***** PROVIDED INFORMATION
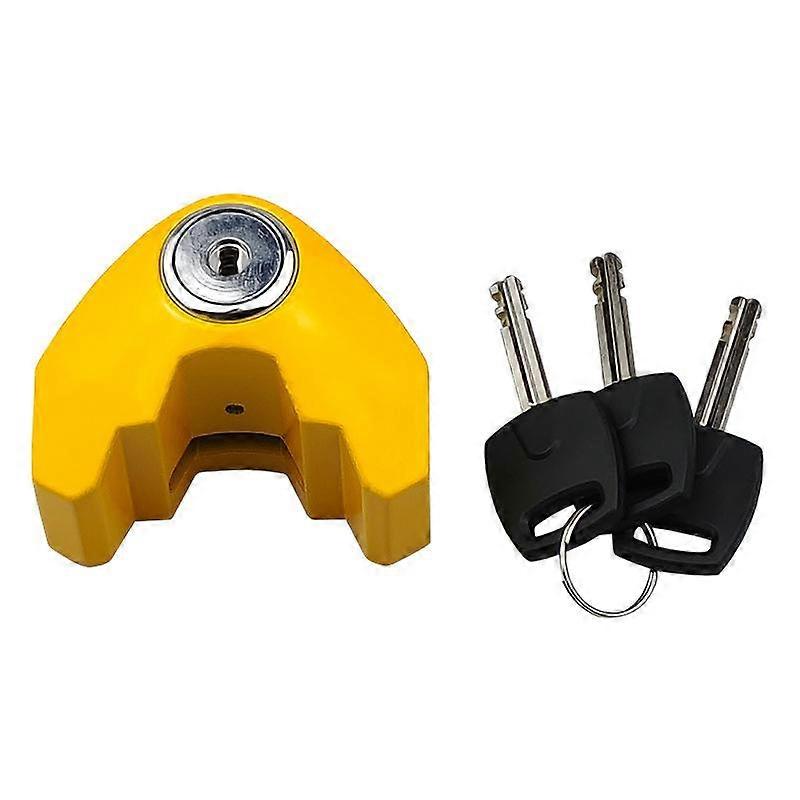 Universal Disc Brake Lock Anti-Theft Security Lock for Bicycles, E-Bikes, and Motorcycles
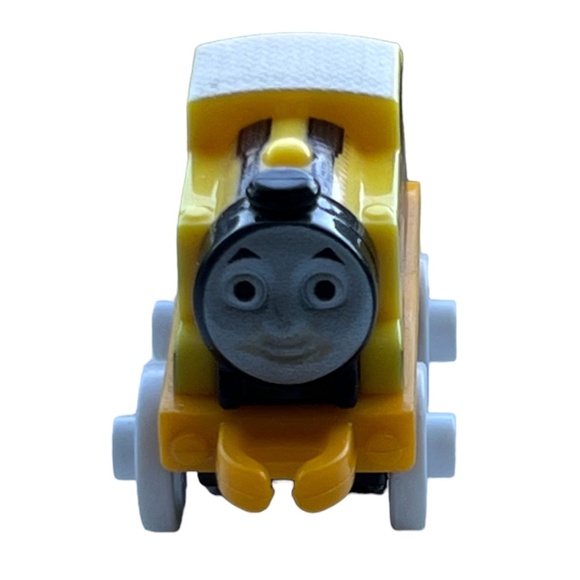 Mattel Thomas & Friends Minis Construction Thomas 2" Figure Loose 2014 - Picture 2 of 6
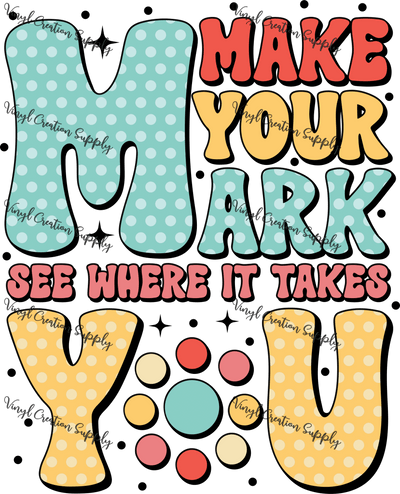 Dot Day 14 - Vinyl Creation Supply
**********
***** PROVIDED INFORMATION
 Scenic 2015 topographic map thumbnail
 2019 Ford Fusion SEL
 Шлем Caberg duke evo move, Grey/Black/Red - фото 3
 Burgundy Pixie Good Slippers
**********
WHAT YOU ARE ASKED TO DO — Beginning with the line holding "Universal Disc Brake" in the material above, restate word for word each line through the line holding "Dot Day 14 - Vinyl Creation Supply", and exclude pictures.

THE ANSWER —
 Universal Disc Brake Lock Anti-Theft Security Lock for Bicycles, E-Bikes, and Motorcycles
 Mattel Thomas & Friends Minis Construction Thomas 2" Figure Loose 2014 - Picture 2 of 6
 Dot Day 14 - Vinyl Creation Supply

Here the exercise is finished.